Not yet - I was hoping this was a common issue with pups (or at least with this breed), so I could get advice without spending a fortune on check ups! However it doesn't seem like a particularly common problem, so I'll be taking her tomorrow to see our vet.
Thank you all for your help - I'll let you know what happens


----------



## SerCopper (Nov 1, 2011)

Have you tried fish (salmon) based food with her or some cooked chicken? Is it really on where you are right now? My guy won't eat much when it's really hot...


----------



## jld640 (Sep 29, 2010)

Lots of good suggestions (especially making sure with the vet), so I'm going to try a few other angles.

First - will she eat kibble from your hand? Savannah was/is picky, but once she gets started eating, she will eat her fill. Her fill was not necessarily everything I put down in front of her, but she would eat enough to keep me from worrying if I could just get her started.

Second - if you spill the food out onto the floor, will she eat any of it? We went through a very long phase where she hated her bowl. At work, she still eats out of an upside down frisbee. I assume because it has no sides and possibly because it is plastic so there are no distracting reflections like a metal bowl.

Third - have you tried teaching her 'catch' with kibble? If she is just bored with eating, then getting her to focus on catching a piece of kibble at a time might get her started enough for her to realize she is hungry. You might also have some luck with 'find' games; although our success with them was mixed.

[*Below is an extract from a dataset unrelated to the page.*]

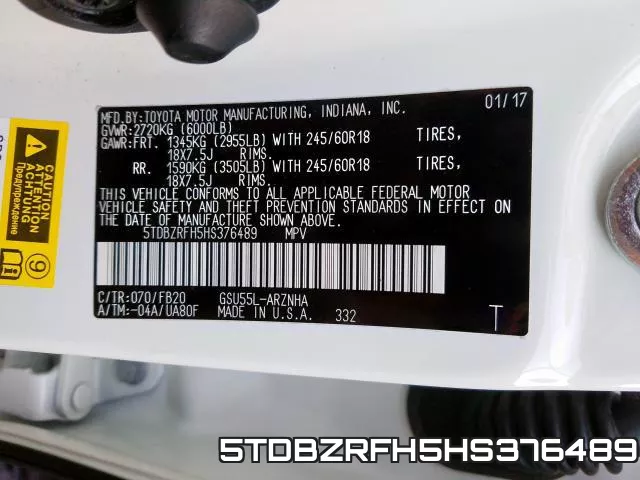 5TDBZRFH5HS376489 фото 2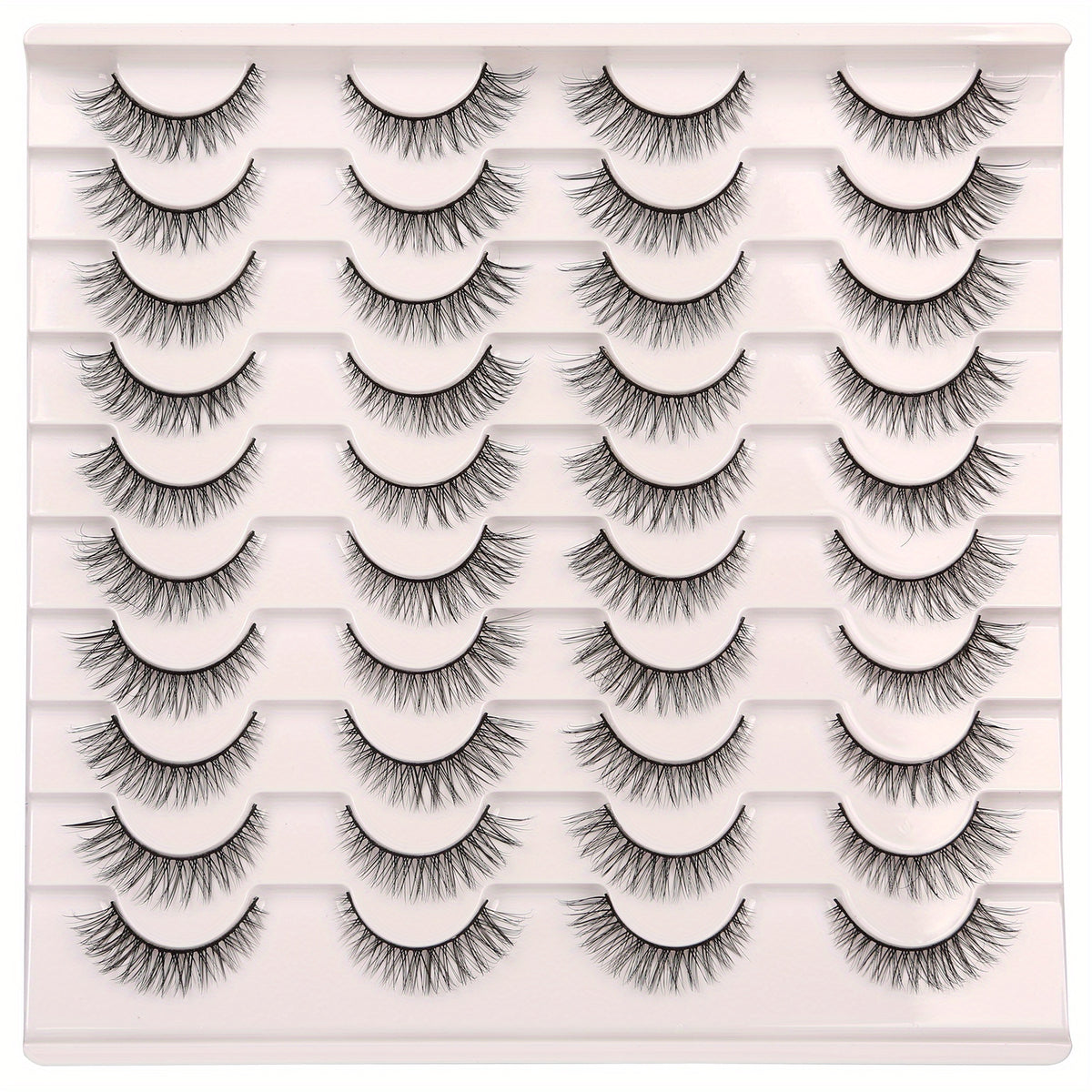 20 Pairs Natural Look Cat Eye Lashes 3D Light Volume Fluffy Eyelash Extension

Hope you figure out a working solution for you both soon!


----------



## kclose (Apr 30, 2012)

The vomiting is due to low blood sugar due to lack of food. Try feeding her 3 times a day (2 larger meals in the morning and evening and an afternoon snack about 1/2 cup). This started happening to our boy, Woodford. He would vomit before breakfast and it was just bile. Now that he gets a small afternoon snack, he does just fine. As far as her not eating her food, try mixing some wet and dry, or boiled chicken or plain white rice. Maybe try a different, more flavorful food.


----------